A Human-Centered Architecture for an Interactive Workspace

Terry Winograd, Computer Science Department, Stanford University
winograd@cs.stanford.edu

Seminar on People, Computers, and Design
Stanford University September 26, 1998

 

Our research group in Graphics and HCI at Stanford University is building an "interaction space", integrating a number of computer displays and devices in a single room. These devices include large high-resolution displays (wall mounted and tabletop), personal devices (PDAs, tablet computers, laser pointers, etc.), and environmental sensors (cameras, microphones, floor pressure sensors, etc.).

The space will support joint work by multiple users, who can move from device to device and adopt interaction modalities as appropriate to the task and materials. Applications will integrate activities that involve more than one physical device (e.g., the large display, pointers, voice, and one or more hand-held devices).

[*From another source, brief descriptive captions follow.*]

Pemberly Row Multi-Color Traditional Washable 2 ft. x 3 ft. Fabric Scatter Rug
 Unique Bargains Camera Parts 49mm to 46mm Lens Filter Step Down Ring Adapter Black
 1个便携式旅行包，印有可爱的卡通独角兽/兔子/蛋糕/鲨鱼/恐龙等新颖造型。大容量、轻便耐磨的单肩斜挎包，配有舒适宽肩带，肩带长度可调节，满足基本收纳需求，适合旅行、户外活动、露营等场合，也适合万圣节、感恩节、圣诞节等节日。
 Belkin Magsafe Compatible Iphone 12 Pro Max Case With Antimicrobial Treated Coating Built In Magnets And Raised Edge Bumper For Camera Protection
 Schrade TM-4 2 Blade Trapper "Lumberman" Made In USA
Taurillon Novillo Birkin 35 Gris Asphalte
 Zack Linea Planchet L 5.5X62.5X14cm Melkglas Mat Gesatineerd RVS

This talk presents the concepts behind our high level architecture for organizing multi-person multi-modal interactions with a computer system at two levels. At the device-integration level, the architecture provides mechanisms for coping with fundamental properties of human interaction: object-based perception, context-dependent interpretation, and action-perception coupling. At the level of the user model, it moves away from the programming-oriented context structure to a use-oriented context structure, designed for a multi-device, multi-person work setting. For more details see the working paper.

Terry Winograd is Professor of Computer Science at Stanford University where he directs the teaching and research programs on Human-Computer Interaction Design. His early research on natural language understanding by computers led to two books and numerous articles on that topic. His book, Understanding Computers and Cognition: A New Foundation for Design (Addison-Wesley, 1987, co-authored with Fernando Flores), took a critical look at work in artificial intelligence and suggested new directions for the design of computer systems and their integration into human activity. He co-edited a volume on usability with Paul Adler, (Usability: Turning Technologies into Tools, Oxford, 1992). His most recent book, Bringing Design to Software (Addison-Wesley, 1996) brings together the perspectives of a number of leading proponents of software design.

Winograd is one of the principal investigators in the Stanford Digital Libraries Initative project, a collaboration with industrial partners to develop technologies for the future networked Digital Library. He was a founder of Action Technologies, a developer of workflow software, and was a founding member of Computer Professionals for Social Responsibility, of which he is a past national president. He is also a consultant to Interval Research Corporation, on the national advisory board of the Association for Software Design, and on the editorial board of several journals, including Human-Computer Interaction and Computer-Supported Cooperative Work.